Dunleavy resigning to focus on campaign

Sen. Mike Dunleavy is stepping down from the Alaska Senate so he can focus on his race for governor.

He covered his district from Glennallen to Palmer on Saturday, visiting with people in the district and at the local Republican district conventions. He talked to “his employers” — the people he represents — about the decision.

Dunleavy was also featured along with gubernatorial candidate Scott Hawkins at a Republican event on Saturday night, where he spoke to 80 people at a fundraiser and auction for the party.


Dunleavy represents Senate District E and his term ends in January 2019. Even if he didn’t resign, he would not represent this district next year. But by stepping aside now, he will focus on fundraising, something he would otherwise be prohibited from doing once the legislative session started on Jan. 16, and something that is essential for any competitive candidate.

State law prevents sitting legislators from raising funds while the Legislature is in session, a problem that Rep. Mike Chenault faces in his run for governor.

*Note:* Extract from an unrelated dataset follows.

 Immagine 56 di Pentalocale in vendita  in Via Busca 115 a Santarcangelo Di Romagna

The prohibition likely factored in to Sen. Charlie Huggins’ retirement from the Senate last year, as he is also a candidate for governor. Ironically, the sitting governor himself is under no such restrictions.

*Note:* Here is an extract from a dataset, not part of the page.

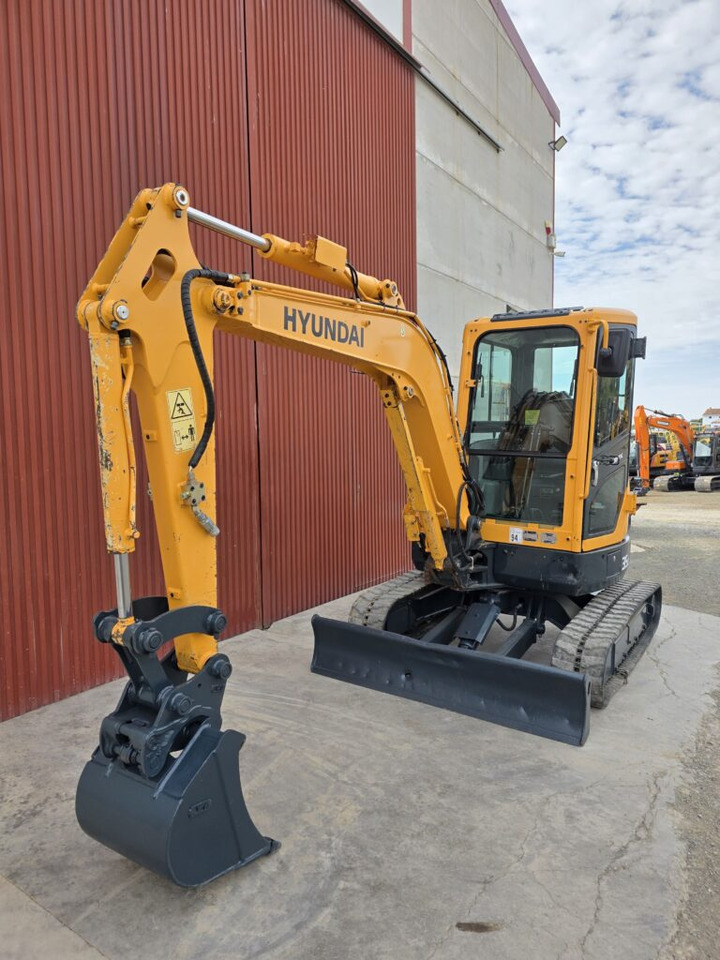 HYUNDAI ROBEX 35Z-9 - Miniexcavadora: foto 2 HYUNDAI ROBEX 35Z-9 - Miniexcavadora: foto 2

Tuckerman Babcock, chairman of the Alaska Republican Party, says that under the party’s rules, (Article 1, Section 8), the district committees of the affected areas — House Districts 9 and 10 — will meet, notify the public of the vacancy, gather applications, verify the candidates’ qualification, and forward three names to the governor. The governor will make his pick, which then must be confirmed by Republican members of the Senate.

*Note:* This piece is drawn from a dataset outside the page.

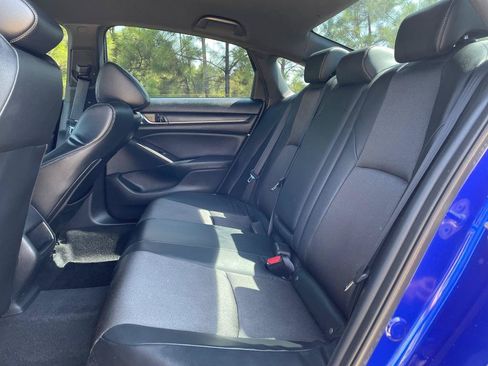 Used 2018 Honda Accord Sport image 10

Mat-Su Borough Assembly member Randall Kowalke has already filed with the Alaska Public Offices Commission for the District E seat as a candidate for the August primary.

Pam Goode of Delta Junction has filed as a candidate, but has not indicated whether she’s trying for the House or Senate. She recently returned to the Republican Party after being a registered member of the Alaska Constitution Party.

Rep. George Rauscher and Rep. David Eastman are both considering applying for appointment to Dunleavy’s seat. Rauscher confirmed late Saturday that he will be submitting his letter of interest to the party’s district leaders when Dunleavy made an announcement. Eastman said he was talking to people in the district and had not made up his mind.

Last year, during the budget deliberations in the Senate, Dunleavy removed himself from the Republican Majority caucus over a disagreement about whether to cut the Permanent Fund dividend that Alaskans receive each year. Two years ago, Gov. Bill Walker cut the dividend in half, and during 2017, the Senate continued the practice. Dunleavy has been an advocate of fully funding the dividend under the previous formula.

Dunleavy earlier this week announced he had hired campaign staff of Brett Huber for his campaign manager and Amanda Price as deputy campaign manager. He appears to be 100 percent committed to his campaign, which is why it comes as no surprise that he is withdrawing from the Senate before session starts on Jan. 17.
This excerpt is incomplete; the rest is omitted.